# Introduction to Reinforcement Learning

Reinforcement learning is one of the dominant machine learning paradigms, where the agent learns **what to do- how to map** situations into action to receive a maximum numeric reward.

![image.png](attachment:image.png)

Reinforcement learning problems consist of an agent in an environment. The agent accomplishes an action and receives a reward from the environment. This reward is usually a measure of how good the agent is doing. The agent's goal is then to maximize the rewards in the environment.
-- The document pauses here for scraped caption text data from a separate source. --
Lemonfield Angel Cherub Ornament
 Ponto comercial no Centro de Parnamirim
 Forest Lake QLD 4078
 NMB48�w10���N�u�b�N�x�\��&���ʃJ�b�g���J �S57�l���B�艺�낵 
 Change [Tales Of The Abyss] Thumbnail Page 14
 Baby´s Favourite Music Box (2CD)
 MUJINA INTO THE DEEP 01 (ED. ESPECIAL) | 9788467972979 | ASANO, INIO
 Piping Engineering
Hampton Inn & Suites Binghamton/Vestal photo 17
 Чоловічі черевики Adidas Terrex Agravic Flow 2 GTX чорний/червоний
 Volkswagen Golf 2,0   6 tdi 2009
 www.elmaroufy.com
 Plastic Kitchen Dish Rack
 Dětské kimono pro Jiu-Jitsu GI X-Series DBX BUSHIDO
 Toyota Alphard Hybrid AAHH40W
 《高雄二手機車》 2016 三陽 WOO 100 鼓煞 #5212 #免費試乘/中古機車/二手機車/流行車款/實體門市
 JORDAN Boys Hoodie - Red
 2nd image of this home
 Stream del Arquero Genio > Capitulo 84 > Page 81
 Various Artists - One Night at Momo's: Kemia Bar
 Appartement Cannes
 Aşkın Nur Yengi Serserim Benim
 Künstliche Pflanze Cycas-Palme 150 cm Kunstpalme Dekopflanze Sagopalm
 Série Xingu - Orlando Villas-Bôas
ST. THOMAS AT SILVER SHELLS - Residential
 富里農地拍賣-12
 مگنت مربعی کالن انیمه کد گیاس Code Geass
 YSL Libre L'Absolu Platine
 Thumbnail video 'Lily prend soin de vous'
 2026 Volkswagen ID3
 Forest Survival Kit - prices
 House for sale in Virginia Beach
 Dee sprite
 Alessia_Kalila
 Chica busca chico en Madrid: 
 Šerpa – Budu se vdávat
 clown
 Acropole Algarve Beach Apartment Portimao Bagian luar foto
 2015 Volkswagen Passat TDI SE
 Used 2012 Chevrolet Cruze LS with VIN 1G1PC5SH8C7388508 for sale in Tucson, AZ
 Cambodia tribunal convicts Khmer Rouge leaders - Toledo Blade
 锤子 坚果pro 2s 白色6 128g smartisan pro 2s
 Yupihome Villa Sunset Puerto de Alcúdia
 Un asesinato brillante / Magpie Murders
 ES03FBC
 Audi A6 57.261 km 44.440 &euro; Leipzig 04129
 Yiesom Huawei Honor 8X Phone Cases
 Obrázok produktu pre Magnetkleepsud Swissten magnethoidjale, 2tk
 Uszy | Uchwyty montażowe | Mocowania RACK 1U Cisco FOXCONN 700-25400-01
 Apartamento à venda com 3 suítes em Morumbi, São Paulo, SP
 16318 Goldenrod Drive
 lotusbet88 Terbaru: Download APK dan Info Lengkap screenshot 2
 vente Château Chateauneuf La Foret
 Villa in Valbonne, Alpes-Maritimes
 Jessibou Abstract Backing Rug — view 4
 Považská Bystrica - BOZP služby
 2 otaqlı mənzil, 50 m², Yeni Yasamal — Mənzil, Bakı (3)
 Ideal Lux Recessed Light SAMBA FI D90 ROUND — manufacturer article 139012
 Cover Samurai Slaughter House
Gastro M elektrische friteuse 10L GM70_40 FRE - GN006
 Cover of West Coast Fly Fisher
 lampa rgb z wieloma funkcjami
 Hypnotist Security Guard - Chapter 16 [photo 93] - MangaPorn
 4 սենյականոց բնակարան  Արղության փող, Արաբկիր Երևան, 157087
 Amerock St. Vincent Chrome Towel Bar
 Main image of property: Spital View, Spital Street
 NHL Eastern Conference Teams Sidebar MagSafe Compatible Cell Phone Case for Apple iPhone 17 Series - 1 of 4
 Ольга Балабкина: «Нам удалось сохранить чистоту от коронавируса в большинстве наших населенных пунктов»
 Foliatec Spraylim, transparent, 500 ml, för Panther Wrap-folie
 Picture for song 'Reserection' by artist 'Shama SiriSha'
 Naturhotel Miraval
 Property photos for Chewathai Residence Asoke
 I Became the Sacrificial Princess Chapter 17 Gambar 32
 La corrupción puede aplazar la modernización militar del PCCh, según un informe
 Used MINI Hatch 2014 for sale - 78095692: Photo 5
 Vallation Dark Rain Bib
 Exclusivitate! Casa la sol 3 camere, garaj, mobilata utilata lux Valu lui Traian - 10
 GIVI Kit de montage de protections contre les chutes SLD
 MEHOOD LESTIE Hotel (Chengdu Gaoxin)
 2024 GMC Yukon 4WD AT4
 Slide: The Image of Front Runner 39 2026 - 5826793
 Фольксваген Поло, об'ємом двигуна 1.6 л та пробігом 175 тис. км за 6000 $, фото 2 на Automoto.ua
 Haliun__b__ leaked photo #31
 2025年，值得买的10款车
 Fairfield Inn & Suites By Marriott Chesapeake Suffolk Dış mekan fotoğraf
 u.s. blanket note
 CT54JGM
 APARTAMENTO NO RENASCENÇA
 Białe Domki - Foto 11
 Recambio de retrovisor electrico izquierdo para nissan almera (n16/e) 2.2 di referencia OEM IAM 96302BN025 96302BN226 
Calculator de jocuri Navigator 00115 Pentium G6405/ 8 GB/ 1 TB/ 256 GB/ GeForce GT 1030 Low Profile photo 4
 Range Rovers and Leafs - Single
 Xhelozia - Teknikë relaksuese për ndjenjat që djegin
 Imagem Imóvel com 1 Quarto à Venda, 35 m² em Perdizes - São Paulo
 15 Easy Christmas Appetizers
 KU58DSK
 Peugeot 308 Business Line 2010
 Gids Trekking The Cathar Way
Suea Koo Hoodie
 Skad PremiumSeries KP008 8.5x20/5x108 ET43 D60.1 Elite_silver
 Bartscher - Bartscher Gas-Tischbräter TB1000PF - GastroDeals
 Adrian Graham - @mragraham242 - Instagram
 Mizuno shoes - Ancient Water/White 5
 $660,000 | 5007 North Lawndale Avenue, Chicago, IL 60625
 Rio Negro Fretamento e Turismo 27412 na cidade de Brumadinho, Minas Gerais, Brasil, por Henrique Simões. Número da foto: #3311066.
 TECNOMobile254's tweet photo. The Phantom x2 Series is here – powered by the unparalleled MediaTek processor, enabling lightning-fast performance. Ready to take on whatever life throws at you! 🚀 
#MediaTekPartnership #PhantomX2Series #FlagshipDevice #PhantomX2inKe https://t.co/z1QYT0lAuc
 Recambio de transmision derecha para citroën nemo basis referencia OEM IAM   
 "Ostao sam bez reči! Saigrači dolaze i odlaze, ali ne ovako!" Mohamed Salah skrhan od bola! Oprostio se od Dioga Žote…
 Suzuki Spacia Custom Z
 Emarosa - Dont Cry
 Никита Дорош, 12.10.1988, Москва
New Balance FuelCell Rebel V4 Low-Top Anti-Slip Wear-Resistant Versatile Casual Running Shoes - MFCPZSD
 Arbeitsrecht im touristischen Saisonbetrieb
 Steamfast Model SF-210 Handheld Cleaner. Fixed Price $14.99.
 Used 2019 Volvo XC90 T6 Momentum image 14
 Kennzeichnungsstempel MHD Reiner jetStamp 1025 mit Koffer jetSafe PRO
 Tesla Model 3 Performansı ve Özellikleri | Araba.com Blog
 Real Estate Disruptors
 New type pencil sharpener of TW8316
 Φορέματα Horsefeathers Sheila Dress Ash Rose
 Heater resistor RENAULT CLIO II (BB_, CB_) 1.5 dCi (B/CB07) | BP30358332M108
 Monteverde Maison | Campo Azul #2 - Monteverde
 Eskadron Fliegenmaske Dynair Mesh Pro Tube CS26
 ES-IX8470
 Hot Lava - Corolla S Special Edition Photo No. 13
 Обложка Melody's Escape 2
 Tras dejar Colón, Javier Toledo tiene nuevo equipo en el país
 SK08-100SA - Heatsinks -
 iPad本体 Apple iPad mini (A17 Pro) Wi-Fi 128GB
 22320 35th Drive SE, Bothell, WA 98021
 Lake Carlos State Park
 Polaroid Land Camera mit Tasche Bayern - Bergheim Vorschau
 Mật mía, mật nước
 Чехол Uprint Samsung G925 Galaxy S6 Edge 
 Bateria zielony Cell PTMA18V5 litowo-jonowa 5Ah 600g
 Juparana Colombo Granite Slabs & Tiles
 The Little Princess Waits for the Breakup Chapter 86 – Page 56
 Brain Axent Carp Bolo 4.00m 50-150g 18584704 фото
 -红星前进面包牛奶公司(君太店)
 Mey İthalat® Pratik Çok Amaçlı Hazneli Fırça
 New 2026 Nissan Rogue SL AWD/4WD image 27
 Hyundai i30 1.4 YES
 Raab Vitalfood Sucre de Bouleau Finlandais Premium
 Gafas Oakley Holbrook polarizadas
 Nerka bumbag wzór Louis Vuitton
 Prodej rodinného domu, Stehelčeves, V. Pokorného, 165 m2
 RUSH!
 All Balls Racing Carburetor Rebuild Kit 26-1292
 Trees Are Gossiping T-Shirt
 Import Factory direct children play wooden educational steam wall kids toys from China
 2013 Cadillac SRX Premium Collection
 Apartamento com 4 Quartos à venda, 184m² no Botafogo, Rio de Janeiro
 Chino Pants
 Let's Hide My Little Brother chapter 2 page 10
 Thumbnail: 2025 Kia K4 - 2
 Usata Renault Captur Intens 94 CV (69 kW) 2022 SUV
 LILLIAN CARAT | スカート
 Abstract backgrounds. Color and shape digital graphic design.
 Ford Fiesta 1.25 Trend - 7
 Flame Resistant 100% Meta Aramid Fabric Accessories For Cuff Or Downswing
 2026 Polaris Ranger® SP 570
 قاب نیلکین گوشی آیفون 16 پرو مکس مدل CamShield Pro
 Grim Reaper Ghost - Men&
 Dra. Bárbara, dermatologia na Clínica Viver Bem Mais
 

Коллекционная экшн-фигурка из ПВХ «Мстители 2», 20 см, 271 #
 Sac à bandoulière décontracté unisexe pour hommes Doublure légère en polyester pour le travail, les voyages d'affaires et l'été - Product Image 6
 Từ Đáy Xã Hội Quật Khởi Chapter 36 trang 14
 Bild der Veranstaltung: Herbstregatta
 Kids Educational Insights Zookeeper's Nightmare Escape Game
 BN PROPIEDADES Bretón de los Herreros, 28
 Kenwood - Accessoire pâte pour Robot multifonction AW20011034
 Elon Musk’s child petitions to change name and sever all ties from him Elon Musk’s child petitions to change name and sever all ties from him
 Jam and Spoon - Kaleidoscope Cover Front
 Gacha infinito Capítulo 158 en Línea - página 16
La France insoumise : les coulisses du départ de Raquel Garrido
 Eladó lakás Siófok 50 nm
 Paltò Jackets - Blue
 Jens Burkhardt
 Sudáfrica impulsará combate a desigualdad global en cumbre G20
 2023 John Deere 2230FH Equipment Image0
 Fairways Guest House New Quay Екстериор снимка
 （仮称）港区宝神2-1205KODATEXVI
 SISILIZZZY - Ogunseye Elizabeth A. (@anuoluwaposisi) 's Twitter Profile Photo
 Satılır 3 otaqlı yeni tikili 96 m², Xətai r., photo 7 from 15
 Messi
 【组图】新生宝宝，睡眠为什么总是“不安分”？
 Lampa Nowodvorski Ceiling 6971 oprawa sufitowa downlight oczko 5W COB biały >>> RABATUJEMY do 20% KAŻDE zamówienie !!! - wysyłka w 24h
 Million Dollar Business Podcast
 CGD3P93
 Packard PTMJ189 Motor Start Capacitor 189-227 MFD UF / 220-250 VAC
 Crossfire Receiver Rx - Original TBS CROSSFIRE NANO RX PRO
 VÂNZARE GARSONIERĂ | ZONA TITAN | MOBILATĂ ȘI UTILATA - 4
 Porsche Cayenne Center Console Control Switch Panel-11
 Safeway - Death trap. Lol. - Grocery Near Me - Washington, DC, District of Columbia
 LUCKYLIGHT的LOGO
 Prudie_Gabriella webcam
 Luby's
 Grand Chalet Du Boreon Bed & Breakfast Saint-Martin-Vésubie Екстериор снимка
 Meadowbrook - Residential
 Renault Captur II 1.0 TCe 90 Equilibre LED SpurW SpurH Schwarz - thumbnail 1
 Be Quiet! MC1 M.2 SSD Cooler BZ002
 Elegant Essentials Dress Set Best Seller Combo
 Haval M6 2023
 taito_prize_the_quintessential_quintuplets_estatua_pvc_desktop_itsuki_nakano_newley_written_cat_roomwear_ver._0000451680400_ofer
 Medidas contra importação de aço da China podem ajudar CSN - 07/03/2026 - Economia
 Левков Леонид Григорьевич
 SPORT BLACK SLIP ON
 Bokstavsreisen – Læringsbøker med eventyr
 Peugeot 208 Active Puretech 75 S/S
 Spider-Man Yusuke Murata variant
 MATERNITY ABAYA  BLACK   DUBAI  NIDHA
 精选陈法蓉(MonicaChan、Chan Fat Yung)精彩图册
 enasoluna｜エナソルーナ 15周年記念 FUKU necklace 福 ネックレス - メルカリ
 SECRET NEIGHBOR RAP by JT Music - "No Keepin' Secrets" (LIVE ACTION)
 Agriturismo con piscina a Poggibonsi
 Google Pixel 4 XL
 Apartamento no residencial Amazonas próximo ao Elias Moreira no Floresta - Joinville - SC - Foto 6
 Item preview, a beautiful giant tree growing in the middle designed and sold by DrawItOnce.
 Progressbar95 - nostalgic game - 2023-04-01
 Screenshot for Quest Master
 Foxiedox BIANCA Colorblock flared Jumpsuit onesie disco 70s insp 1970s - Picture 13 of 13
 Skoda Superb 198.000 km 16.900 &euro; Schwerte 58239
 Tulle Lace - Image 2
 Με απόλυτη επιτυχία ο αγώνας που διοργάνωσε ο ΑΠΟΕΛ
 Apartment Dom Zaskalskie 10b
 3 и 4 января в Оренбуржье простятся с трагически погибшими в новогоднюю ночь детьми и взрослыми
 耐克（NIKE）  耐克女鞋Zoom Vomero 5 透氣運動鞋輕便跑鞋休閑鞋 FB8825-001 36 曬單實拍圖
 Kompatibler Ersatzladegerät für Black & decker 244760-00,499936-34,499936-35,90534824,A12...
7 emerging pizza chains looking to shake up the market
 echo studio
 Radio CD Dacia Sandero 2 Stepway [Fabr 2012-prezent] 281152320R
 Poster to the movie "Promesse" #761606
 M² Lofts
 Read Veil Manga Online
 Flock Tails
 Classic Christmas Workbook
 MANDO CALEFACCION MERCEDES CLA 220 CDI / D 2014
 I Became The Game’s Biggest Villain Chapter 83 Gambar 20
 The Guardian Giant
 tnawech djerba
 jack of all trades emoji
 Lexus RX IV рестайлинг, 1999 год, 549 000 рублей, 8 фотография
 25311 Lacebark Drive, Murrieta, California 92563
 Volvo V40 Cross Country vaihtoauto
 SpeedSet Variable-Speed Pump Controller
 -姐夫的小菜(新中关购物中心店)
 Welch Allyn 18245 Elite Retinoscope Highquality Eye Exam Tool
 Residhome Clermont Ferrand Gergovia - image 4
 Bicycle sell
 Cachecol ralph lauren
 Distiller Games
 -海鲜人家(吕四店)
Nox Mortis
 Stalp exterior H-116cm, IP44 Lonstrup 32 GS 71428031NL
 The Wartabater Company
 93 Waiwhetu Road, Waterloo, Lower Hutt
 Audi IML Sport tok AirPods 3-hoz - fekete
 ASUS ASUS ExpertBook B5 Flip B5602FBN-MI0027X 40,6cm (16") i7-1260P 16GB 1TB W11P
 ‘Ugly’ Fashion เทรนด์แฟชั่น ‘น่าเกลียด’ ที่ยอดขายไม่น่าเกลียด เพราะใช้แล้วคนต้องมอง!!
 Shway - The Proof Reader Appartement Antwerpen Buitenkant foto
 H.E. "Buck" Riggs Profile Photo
# RL Vs Supervised and Unsupervised 

You have learned about Supervised and Unsupervised methods. Let's highlight it's differences with Reinforcement Learning.


## Supervised Learning

So far, you have worked with supervised learning algorithms that build models that minimize losses over labeled datasets. In general, these algorithms produce outputs $y$ from inputs $x$ using some function $f$ with parameters $\theta$. In your labeled dataset, you have outputs $\hat{y}$ that you want your model to produce. A loss function $L$ takes in inputs $y=f_\theta(x)$ and $\hat{y}$, and gives a scalar loss. Optimizing $\theta$ so that this loss is minimum gives you a model $f$ that best fits the data.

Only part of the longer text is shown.